The section on Disaster Risk Reduction shows how communities have worked together to deal with natural disasters. It shows how communities in the coastal areas of Bangladesh used help from NGOs to build a resilient community in a cyclone-affected area. It also provides evidence on the value of mangroves on the coast of Odisha in India, in reducing damage caused by super-cyclones, and shows how in Bangladesh, villager’s decision to adapt against cyclones depends on natural capital like the mangroves. It shows how farmers and the entire value chain in agriculture use seasonal weather forecasts to reduce risks and how farmers in Sri Lanka adapt locally to deal with soil erosion.

As more and more people migrate to urban areas, Urban Sustainability against climate change has become a major issue. In particular, it is more important for the people who are poor and living in slums and the low-lying flood prone areas. This section highlights creative approaches to water and waste management as part of climate adaptation in urban areas. This helps communities to reduce the risk of urban flooding and waterlogging due to events of high-intensity short duration rainfall. A case study also illustrates how local communities can come together and sustainably manage the supply of drinking water when natural springs are drying up in the mountains. Cases from Bangladesh, India, and Nepal show how waste management remains an important component for building resilience in urban settlements against climate extremes and how these can be addressed locally using market signals and by building awareness which not only reduces the risk of urban flooding and water logging but also provides a way of sustainable financing of municipal waste management.

Finally, the section on Alternative Livelihood documents how people in vulnerable communities are adjusting traditional practices and using innovation in new enterprises to cope with the inevitability of ongoing climate stresses. The section highlights win–win strategies for local communities to find alternative livelihood options using natural capital like mangroves and mountains to diversify income which is threatened by climate change. It also shows how agricultural diversification is used by farmers in Sri Lanka and Pakistan to build resilience.

1.5 The End of the Beginning

The Paris Agreement brought hope that bold initiatives through Nationally Determined Contributions (NDCs) would help combat climate change. While developed countries are better prepared to provide direct assistance and support services towards adaptation and mitigation activities, developing countries need financial and technical support to do so. This has been recognised in all international agreements and conventions related to climate change. Unfortunately, the focus has been on public interventions which often are biased towards major economic centres, and people and communities living away from the centre are left to find support on their own. Communities living in these areas often use their collective wisdom to address problems. The stories included in this book document the experiences to learn what worked and what did not in a variety of cultural, ecological, and geographic circumstances.

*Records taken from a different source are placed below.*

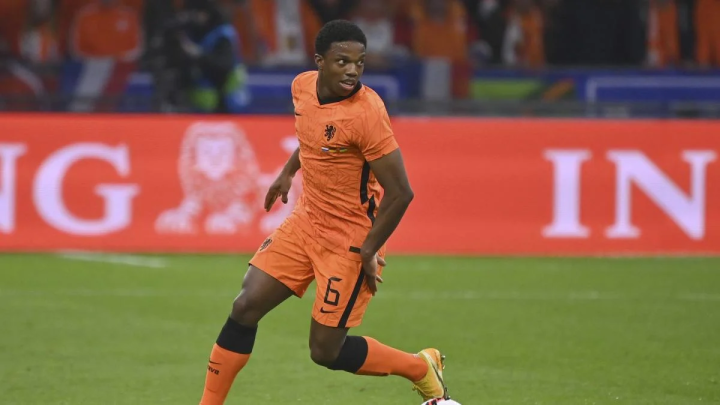 亚博体育网址 -关于赛前体能课后，费耶诺德调整名单备战欧篮联，更衣室稳定，球探报告显示潜力的信息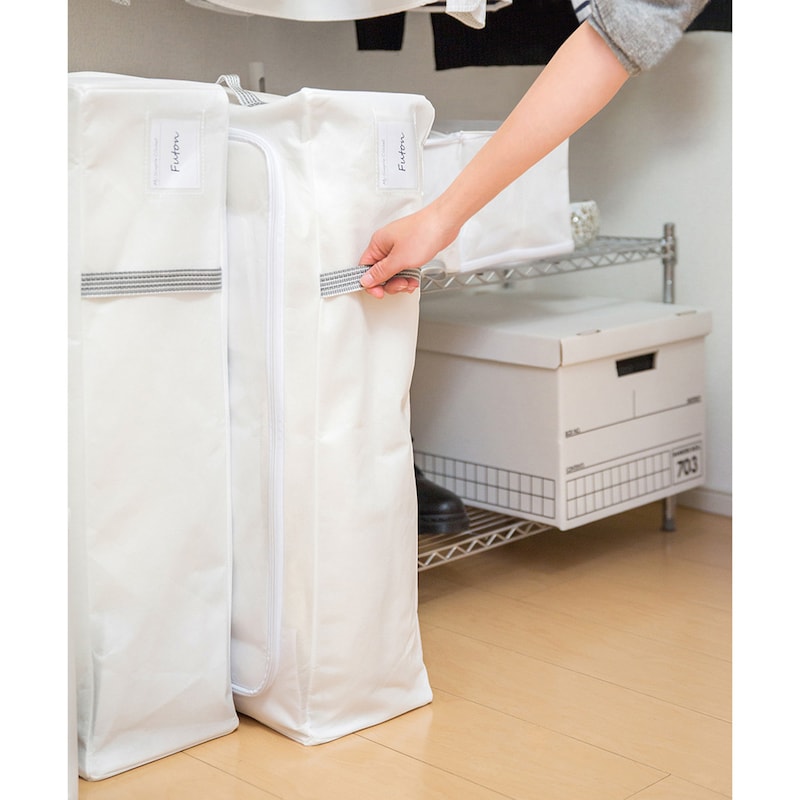 クローゼットへの出し入れが便利な持ち手付き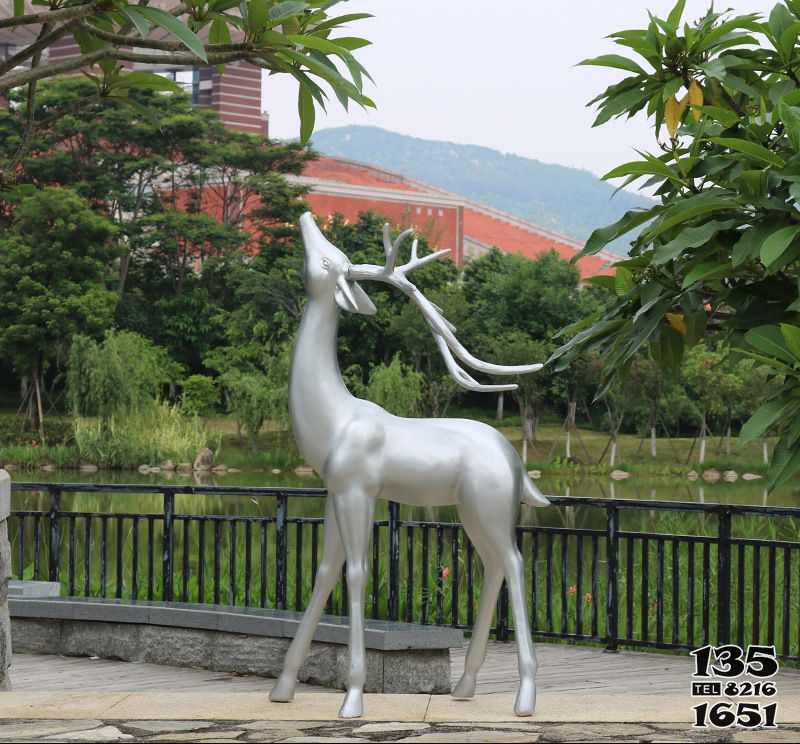 鹿雕塑-公園創意不銹鋼白鋼鹿雕塑高清圖片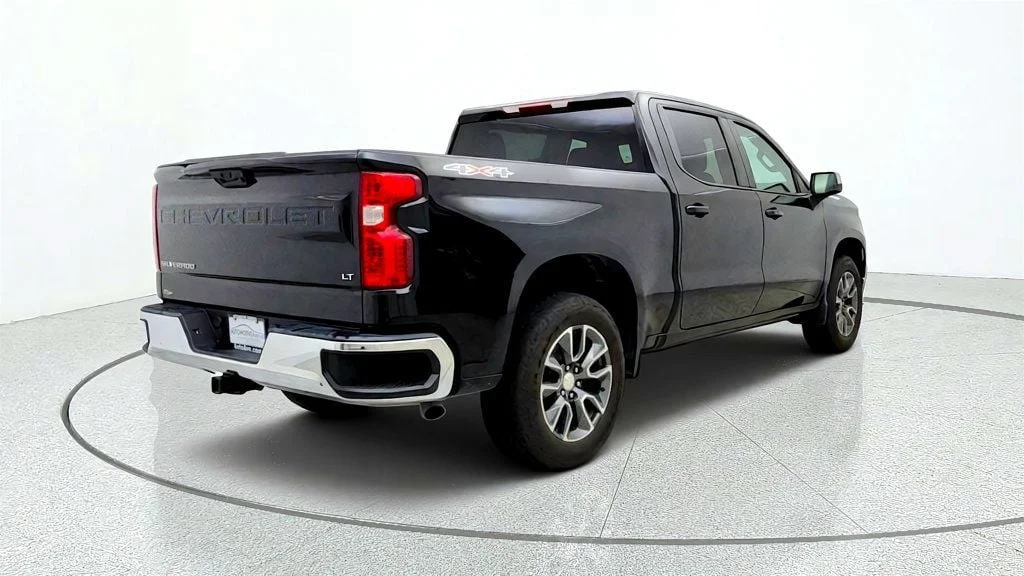 Used 2022 Black Chevrolet 4WD Crew Cab 147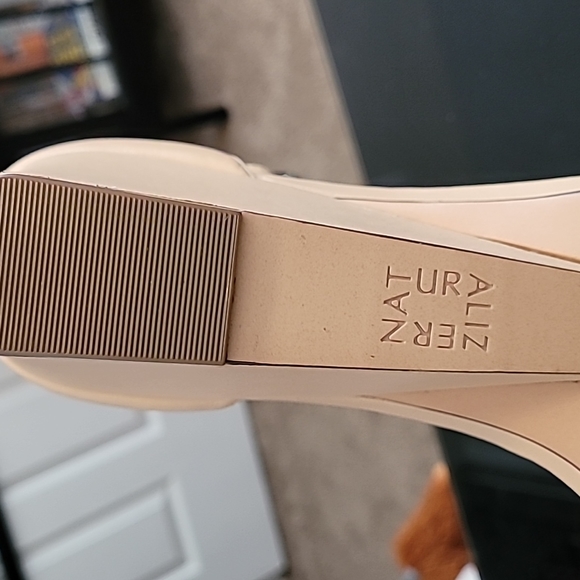 *NWOB* Nude LEATHER wedge sandals - Picture 3 of 4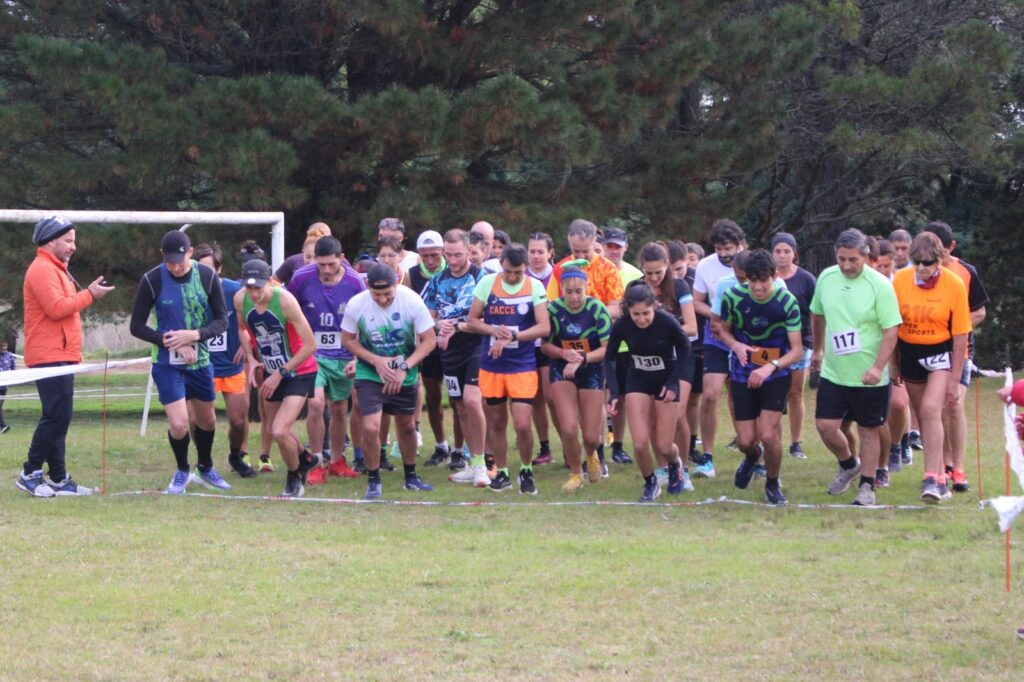ATLETAS AL PROVINCIAL DE CROSS COUNTRY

This book illustrates the promising opportunities for grassroots initiatives to become a significant part of climate adaptation in developing countries while also addressing other developmental needs in an integrated way. It provides locally grounded community solutions to climate change in different institutional settings, binding the geographical diversity of the region thematically. We anticipate that the case studies discussed here will become essential reading for anyone looking for examples from the grassroots in South Asia.

In the process of writing this volume, we were able to gather 58 researchers from the region to be part of a shared project with a shared vision. We envision the stories and experiences shared in this book as part of a broader movement to situate community-based climate adaptation as a mainstream approach to building climate resilient across communities in South Asia and beyond.